Ordinary Time 27, Year B-2009

From VincentWiki
I have loved you, says the Lord; but you say, “How have you loved us?” (Mal. 1:2)

God seeks to be in communion with human beings. He loves Israel (cf. Hos. 11:1, 4). He has loved his people with age-old love and so has kept his mercy toward them (Jer. 31:3). In Is. 49:15-16, the Lord assures Zion, feeling forsaken and forgotten: “Can a mother forget her infant, be without tenderness for the child of her womb? Even should she forget, I will never forget you. See, upon the palms of my hands I have written your name ....” The Lord’s love for us is strong and he is faithful forever (Ps. 117).

But divine love, which “surpasses all our hopes and desires” (cf. today’s collect prayer), is not merely affective; it is eminently effective. Sensitive and attentive to the cries of his suffering people, God comes to their rescue. He delivers them from their oppressors, protects them from nations greater and mightier than them, and establishes them in the promised land (Ex. 3:7-10; Dt. 4:37-38). God repeatedly rebukes and judges his people, as the utterances of the prophets sufficiently make clear. Yet time and again, too, he shows himself to be understanding, merciful and forgiving (Ps. 103:8; Jer. 31:20). And finally, never despairing of his people, God reveals the depth of his love by giving us the only one left for him to send, his beloved Son (Mk. 12:6; Jn. 3:16). The Son dies for his friends, notwithstanding their sinfulness, and thus he proves God’s love through a love greater than which there is no other (Rom 5:8; Jn. 15:13). Because he becomes one of us and is not ashamed to call us brothers, as today’s second reading teaches, Jesus is able to help us and bring us to glory as our leader, made perfect through suffering.

Yet in these last days, no less than in times past, God’s chosen people have “made a sorry return for divine love” and have shown that they are not fully ready to enter into divine communion (cf. the introduction to the Book of Malachi in the Personal Study Edition of The Catholic Bible [New York/Oxford: Oxford University Press, 1995]). No doubt, it is basically due to the hardness of our hearts. Such hardness of heart, not childlike and more characteristic of grown-ups, prevents us from fully partaking of the covenant by which we accept the Lord as our God and he accepts us as his own people.

Not grasping fully—or better, not fully grasped by—the mystery that refers to Christ and the Church, I fail to understand the original saying: “God made them male and female. For this reason a man shall leave his father and mother and be joined to his wife, and the two shall become one flesh” (cf. also Eph. 5:29-33; Mal. 2:10-16).

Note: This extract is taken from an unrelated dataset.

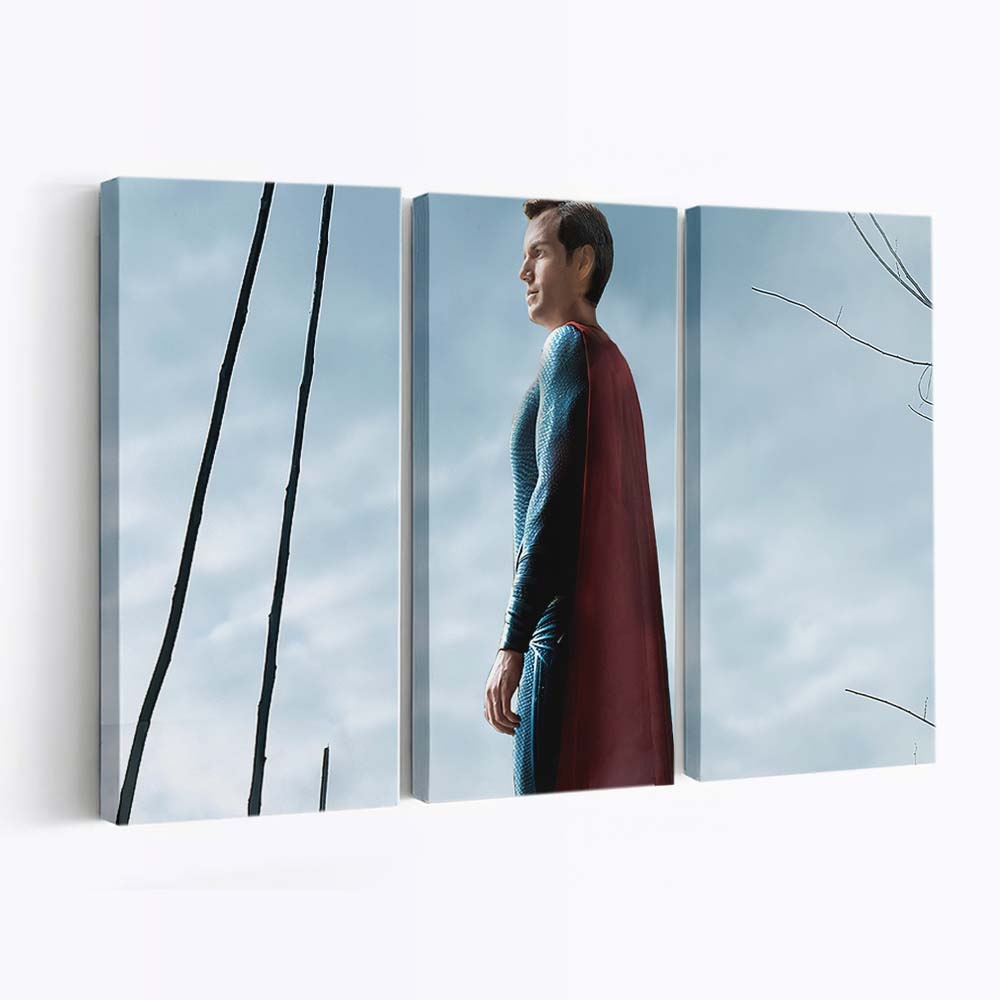 The Kryptonian Superman Leinwandbilder | Wanddeko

Not fully appreciating my membership in the one body of Christ, I readily find impractical and no longer feasible nowadays—too socialistic also, if not communistic—what is at once indicative and imperative in Acts 4:32-35: “The community of believers was of one heart and mind, and no one claimed that any of his possessions was his own, but they had everything in common. With great power the apostles bore witness to the resurrection of the Lord Jesus, and great favor was accorded them all. There was no needy person among them, for those who owned property or houses would sell them, bring the proceeds of the sale, and put them at the feet of the apostles, and they were distributed to each according to need.”

Not ready to be in full communion with the Evangelizer of the Poor, I fall short of what St. Vincent de Paul holds up for his followers, namely, that they be understanding of the poor and needy, sympathizing with them so fully that they can say with St. Paul, “I have become all things to all men” (P. Coste, XI, 340-341).

In so many words, lacking in love that is both affective and effective, I am as well lacking in knowledge of God, who is love (cf. 1 Jn. 4:8), and doubt that God loves human beings and seeks to be in communion with them.